When I first moved to Nashville, I was determined to finish my first full-length book. Every evening after work, I’d hole up at the corner table at my favorite cafe and drink cup after cup of coffee, punching away at the keyboard on my laptop. As the months rolled by, the book took shape, transformed from an idea to a physical thing. Then, on a balmy June night in 2016, I cleared the last round of edits. The book was done.

The first moments of exhilaration following the completion of two years worth of work were followed by ones of panic.

Now what?

After celebrating, the only thing to do seemed to write another book. Writing in the evenings had become part of my routine, and I wasn’t sure how else to fill the space that separated one work day from the next.

As soon as I started up a second book, though, I realized I had a problem: I didn’t have anything to write about. No one wants to read about my experience writing the first one. Because I’d been so consumed by the creative process of writing, I neglected to live a life worth writing about. As a nonfiction writer, that’s kind of an issue.
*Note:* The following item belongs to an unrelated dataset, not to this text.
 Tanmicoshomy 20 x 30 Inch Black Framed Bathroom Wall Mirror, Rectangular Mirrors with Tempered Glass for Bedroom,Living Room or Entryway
I remember the following weeks as I struggled with a massive creative block and little motivation. My new after work routine involved driving around my block for an hour, smoking cigarettes and debating whether or not to go into the corner bar by myself. At least something worth writing about might happen, I figured. But when I did go, nothing ever did happen. I only ended up smoking more cigarettes by myself, engaging in conversation with someone listless but willing, and stumbling home a little drunk.

I remember one night, laying on a mexican blanket on the floor of my bedroom, listening to the silence swell around me, thinking: I need to get out of here and do something.